What to work on: Keep the pictures out. Copy every line of the listing exactly.

Source data:
+++++
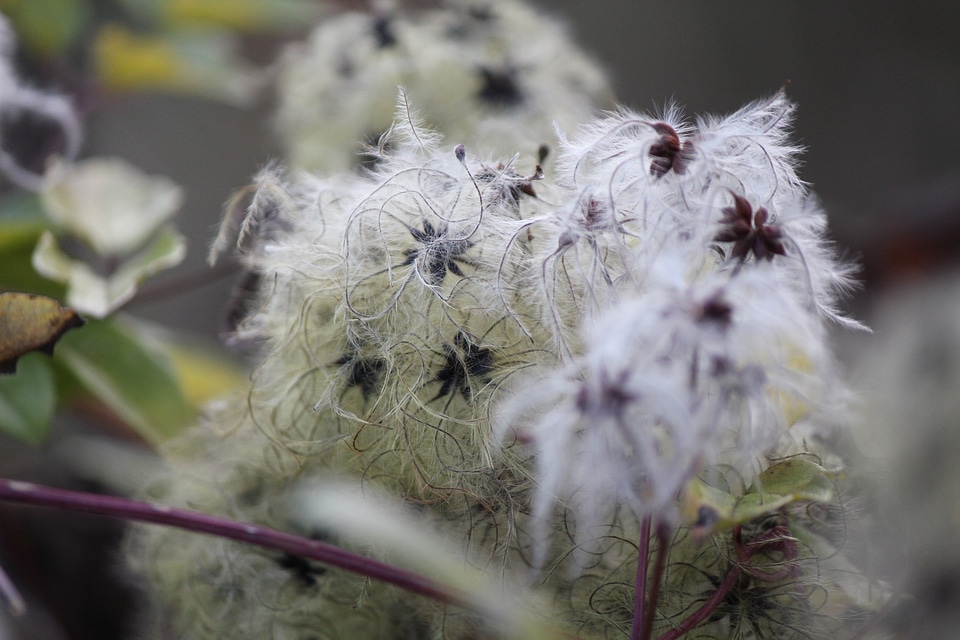 Withered blossoms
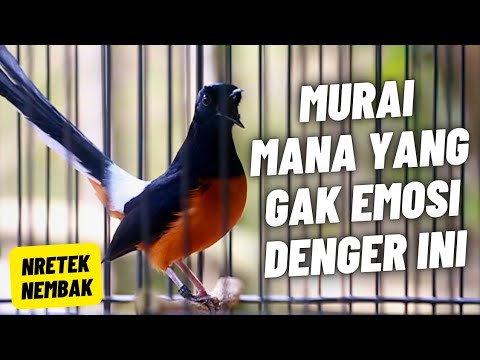 MURAI BATU GACOR FULL ISIAN TEMBAKAN KASAR KRETEKAN GANAS AMPUH MEMANCING EMOSI MURAI BATU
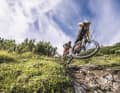 The long-travel suspension forks need to be able to swallow.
+++++
Reply:
 Withered blossoms
 MURAI BATU GACOR FULL ISIAN TEMBAKAN KASAR KRETEKAN GANAS AMPUH MEMANCING EMOSI MURAI BATU
 The long-travel suspension forks need to be able to swallow.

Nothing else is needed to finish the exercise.